The tire's and wheel's look great on my 05 GTO, but I am getting tire rub. Mainly on the right rear tire. I did a tire/wheel fitment check and it shows a Diameter Difference: 0.12%, which is in the ok range. I bought them off of a Gent. who had them on his 04 GTO w/o rub issue's. So I don't think I should be having this problem on my 05. Any and all suggestions, opinion's and Idea's would be greatly appreciated. Thank you.


----------



## cammed06 (Dec 12, 2006)

Not all cars are made the same, but that's wierd. Has yours been wrecked? Had his? I haven't tackled the custom wheel tire issues myself, yet, but if you post the sizes of rims, tires including backspacing, there are lots of guys who have. Someone should be able to help if you answer those questions.


----------



## Dragon 32 (Jan 27, 2006)

Finish: Chrome 
Bolt Pattern: 5x120 
Wheel Size: 18x8.5 
Offset: 38 
Tire's are 245/40 zr18 93wmts, and no wreck's


----------



## willsgto (Jan 9, 2007)

Sounds like an alignment if didn't happen to the previous owner, and is only happening on one corner of the car.


----------



## cammed06 (Dec 12, 2006)

That's the problem. 8.5 wide with 38 mm offset. The factory 18x8's have a 40mm offset. You need to roll the fender or get a set of Pedders 2589's (springs). The springs will stiffen up some of the wheel hop and lift the rear 5/16 of an inch. Perfect fit without rolling the fenders (go to ls2gto.com) and search. There are lots of pics. Also check Rocksand Racing, a sponsor of that site, he has photos of his own car with this setup. He did not have to roll the fenders at all. His name is Frank, call him and he'll hook you up, he was very helpful with me trying to fit 275's on my 17 drag radial setup.

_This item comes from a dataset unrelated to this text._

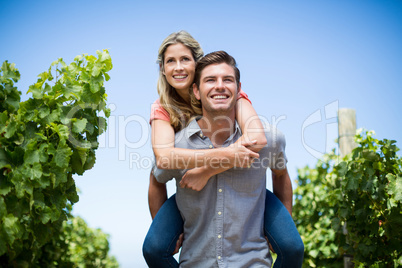 Young couple piggybacking at vineyard against blue sky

On the rolling the fenders part, it aint as easy as you think. A guy whom I bought 2 of his factory 17's from, he bought the exact same size rim, tire and offset as you. He rubbed a little. He tried rolling them himself and the paint started cracking. Either take your time and heat the paint with something first or pay a professional.


----------



## Dragon 32 (Jan 27, 2006)

Thank's for the info, I think I'll go with the Pedder's.


----------



## cammed06 (Dec 12, 2006)

Free shipping from Rocksand Racing this month. I'm doing springs, big bore shocks and the differetial bushing. I am also getting the BMR drag bags while I have the springs out.


----------



## Dragon 32 (Jan 27, 2006)

cammed06 said:


> Free shipping from Rocksand Racing this month. I'm doing springs, big bore shocks and the differetial bushing. I am also getting the BMR drag bags while I have the springs out.


Thank you for the info Cammed06, part's have been ordered.


----------



## cammed06 (Dec 12, 2006)

No problem, glad I could help you and Frank out.


----------